ASSIGNED TASK.
The records below are to be reproduced exactly, and no picture should appear in the copy.

Records from a collection
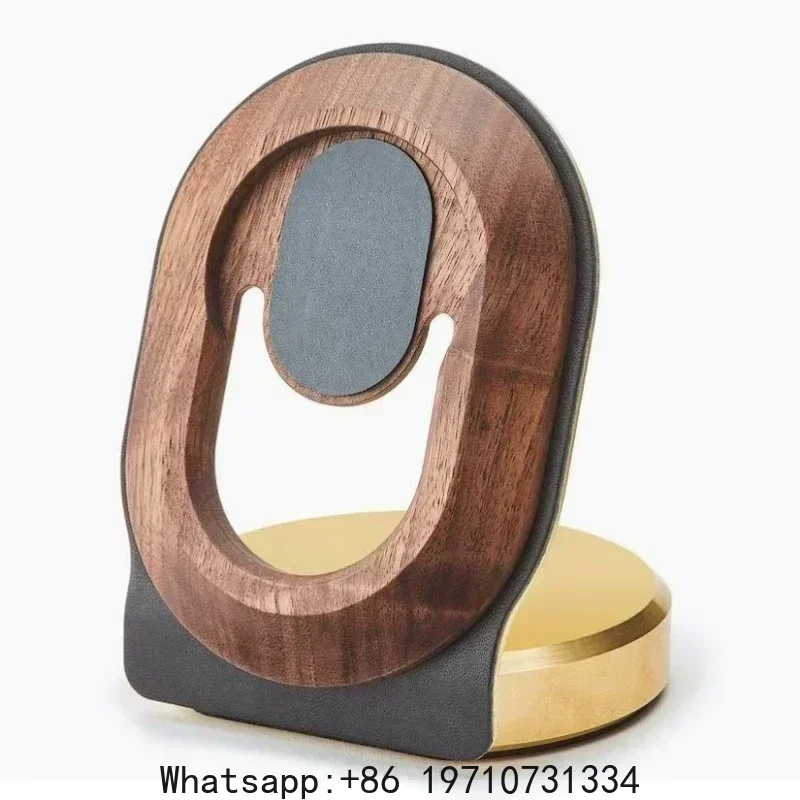 Simple Wireless Phone Charging Stand Natural Walnut Magnetic Stable Smooth Polished Safe to Touch Solid Durable Storage Rack
Simple Wireless Phone Charging Stand Natural Walnut Magnetic Stable Smooth Polished Safe to Touch Solid Durable Storage Rack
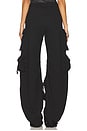 view 4 of 6 Sweat Pant in Black Fade & Brown
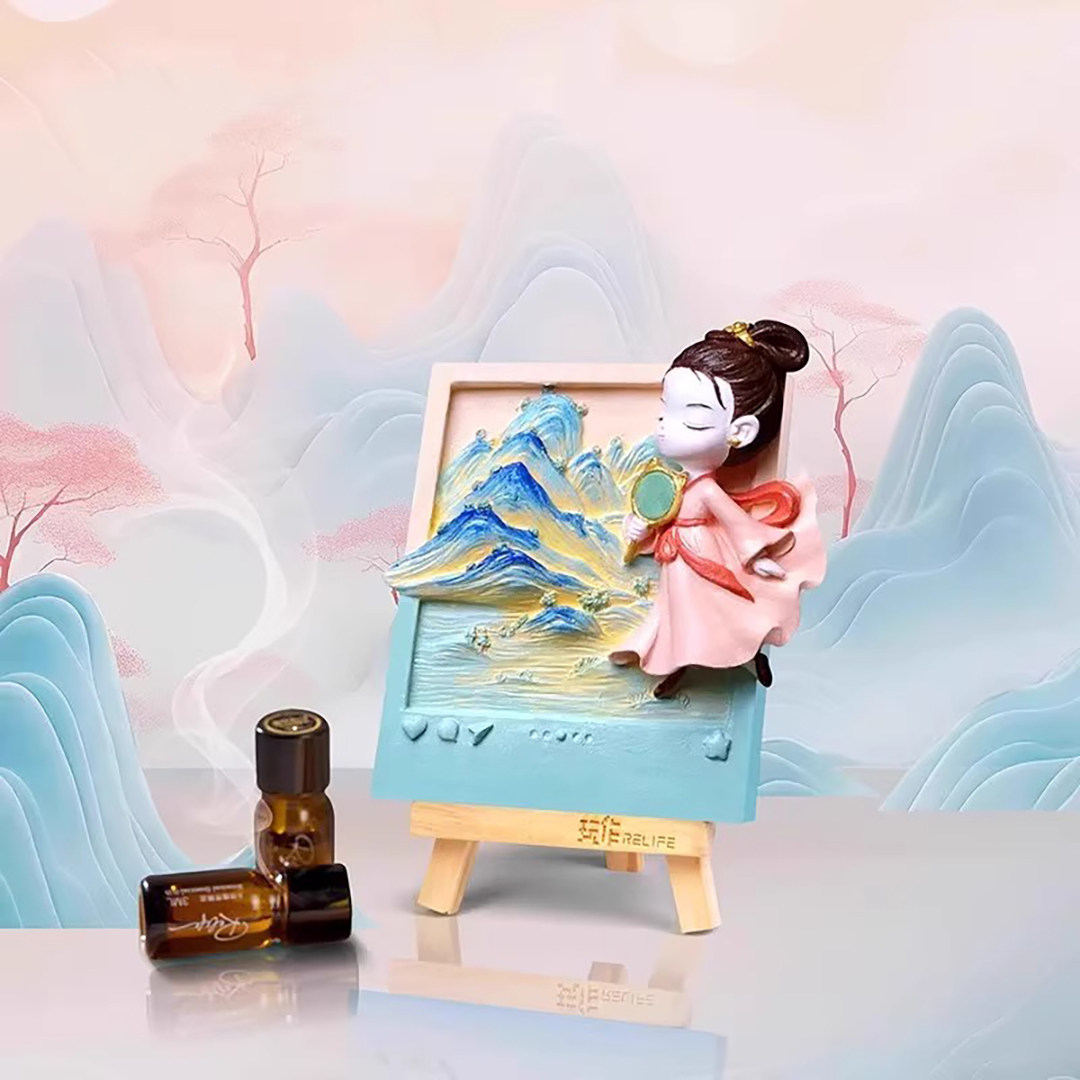 玩作手绘套装香薰冰箱贴填色diy数字油画梵高丙烯颜料立体浮雕画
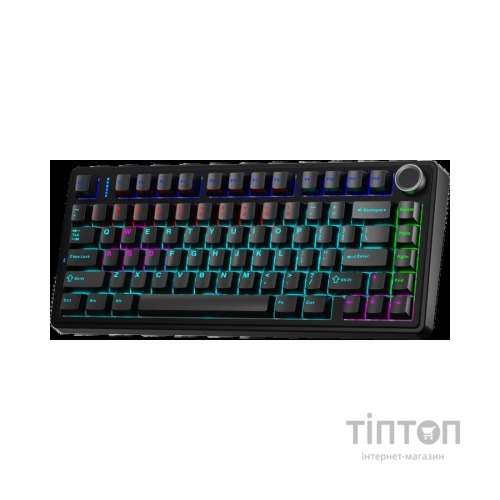 Клавіатура Aula F75 keycap KRGD Blue USB UA Black (6948391202846)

REPLY TO THE EXERCISE.
 Simple Wireless Phone Charging Stand Natural Walnut Magnetic Stable Smooth Polished Safe to Touch Solid Durable Storage Rack
Simple Wireless Phone Charging Stand Natural Walnut Magnetic Stable Smooth Polished Safe to Touch Solid Durable Storage Rack
 view 4 of 6 Sweat Pant in Black Fade & Brown
 玩作手绘套装香薰冰箱贴填色diy数字油画梵高丙烯颜料立体浮雕画
 Клавіатура Aula F75 keycap KRGD Blue USB UA Black (6948391202846)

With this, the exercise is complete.